Records supplied Start Marker

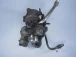 TURBOCHARGER Renault MEGANE III  2011 1.5 DCI 54359710029   860233h  82307056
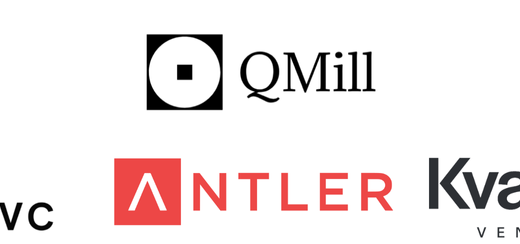 QMill、産業用途向け最先端量子アルゴリズムの開発に400万ユーロ（約4億4500万円）のシード資金を調達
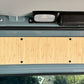 Sprinter Slider Door Panel – Bamboo (2007+)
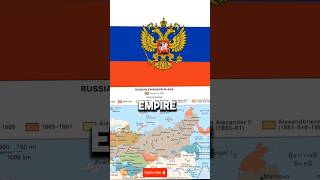 Insane Facts about Imperial Russia you didnt know facts [upl. by Trev]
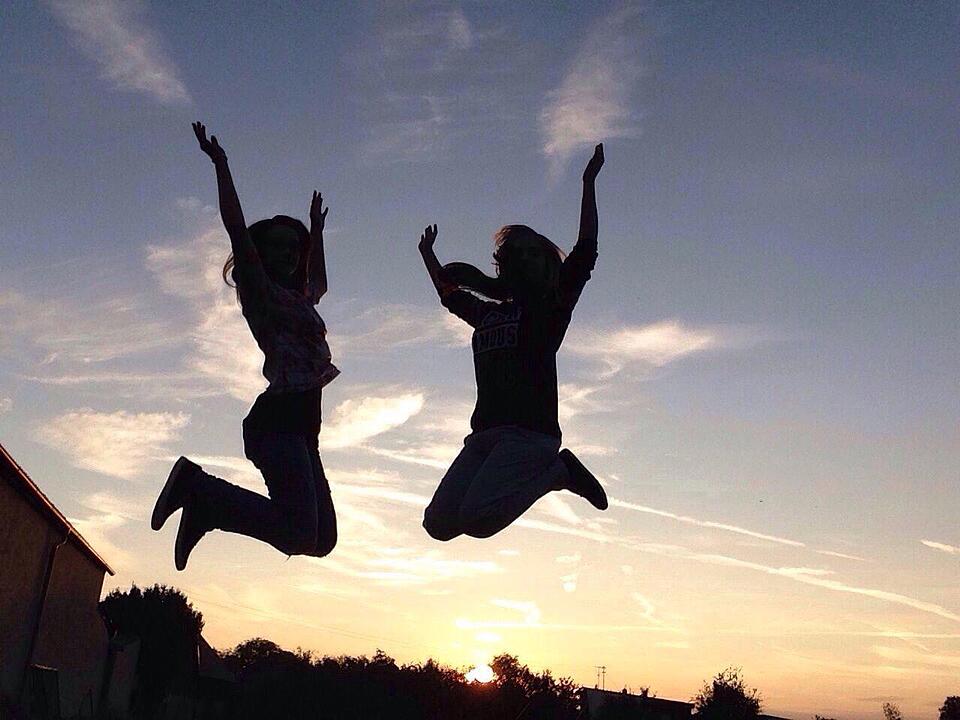 Das war der Sommer 2015 in Franken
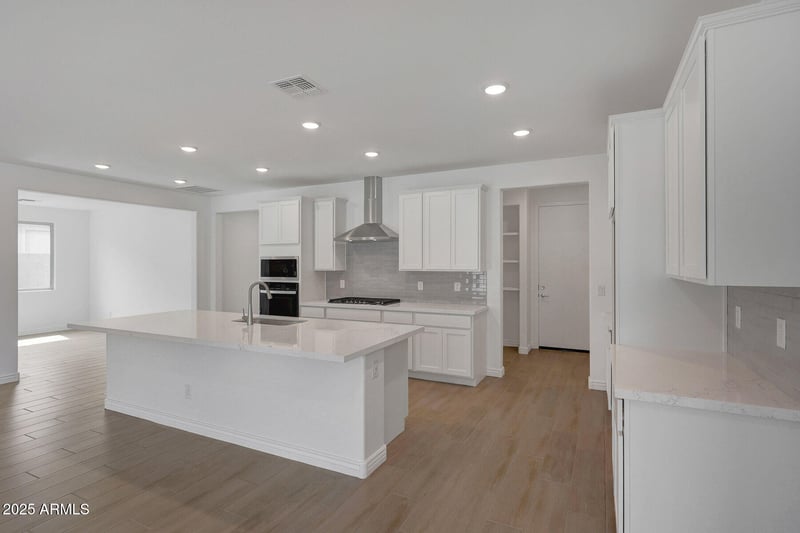 14786 Lariat Ln, Surprise, AZ 85387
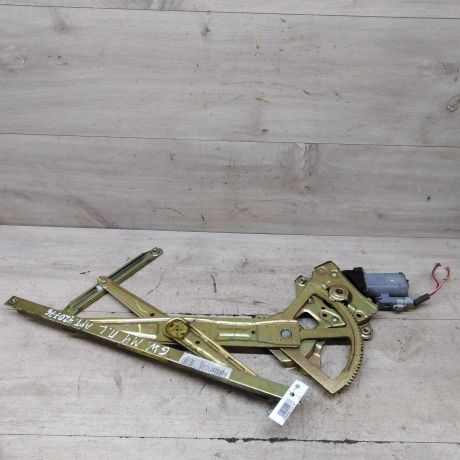 steklopodieemnik-perednii-levyi-elektro-great-wall-hover-m4-art-66524-big-0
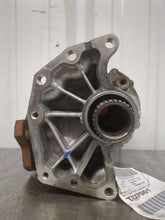Load image into Gallery viewer, TRANSFER CASE QX60 Murano Murano Cross Cabriolet Pathfinder 13-17 - NW544619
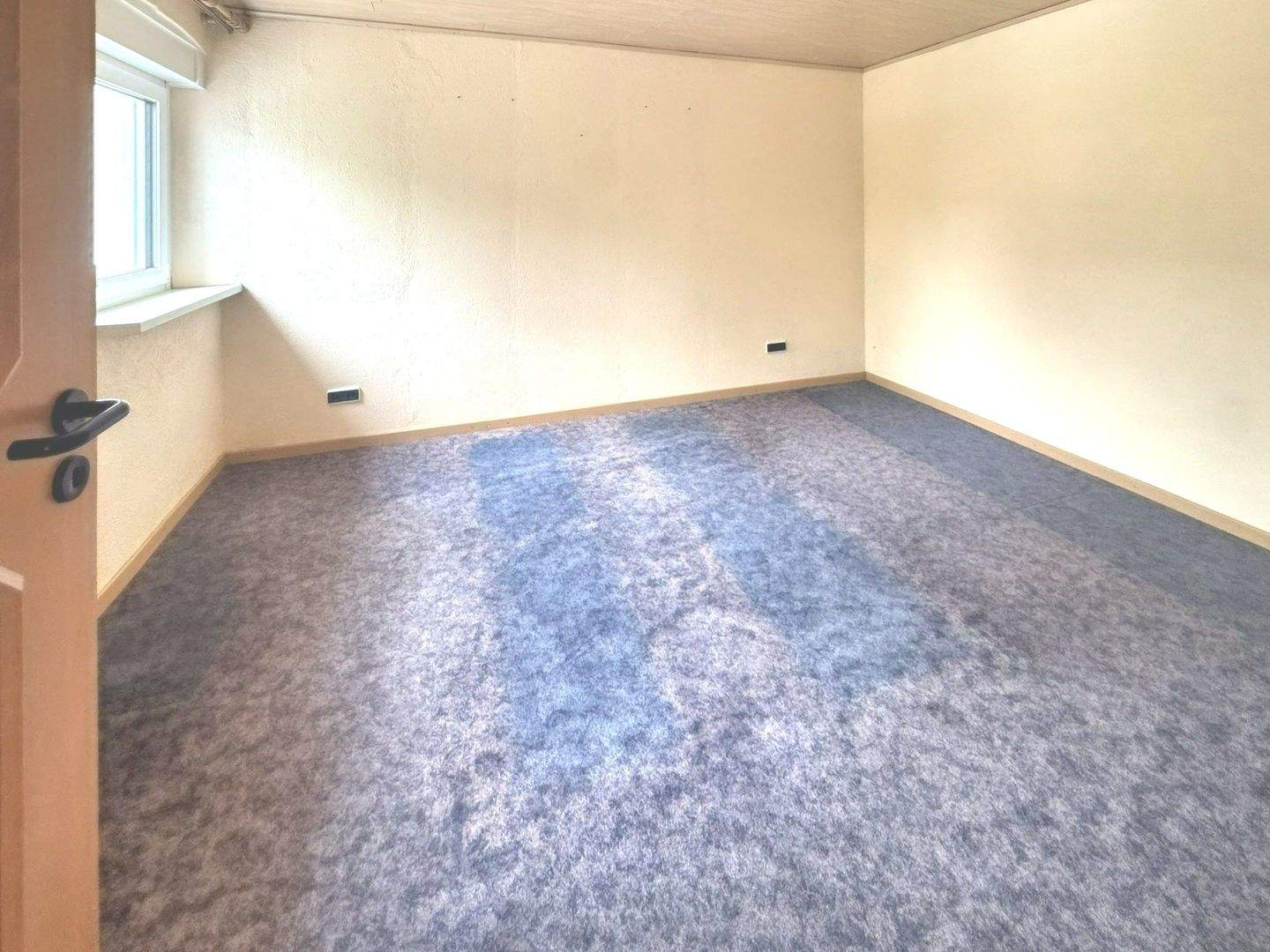 Immobilie in Bitburg - Mit Charme und Gemütlichkeit in naturnaher Lage! - Bild 9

Records supplied End Marker

- **Task instructions**: The data above must be given again in full and unaltered, minus its images.

- **Expected answer**:
 TURBOCHARGER Renault MEGANE III  2011 1.5 DCI 54359710029   860233h  82307056
 QMill、産業用途向け最先端量子アルゴリズムの開発に400万ユーロ（約4億4500万円）のシード資金を調達
 Sprinter Slider Door Panel – Bamboo (2007+)
 Insane Facts about Imperial Russia you didnt know facts [upl. by Trev]
 Das war der Sommer 2015 in Franken
 14786 Lariat Ln, Surprise, AZ 85387
 steklopodieemnik-perednii-levyi-elektro-great-wall-hover-m4-art-66524-big-0
Load image into Gallery viewer, TRANSFER CASE QX60 Murano Murano Cross Cabriolet Pathfinder 13-17 - NW544619
 Immobilie in Bitburg - Mit Charme und Gemütlichkeit in naturnaher Lage! - Bild 9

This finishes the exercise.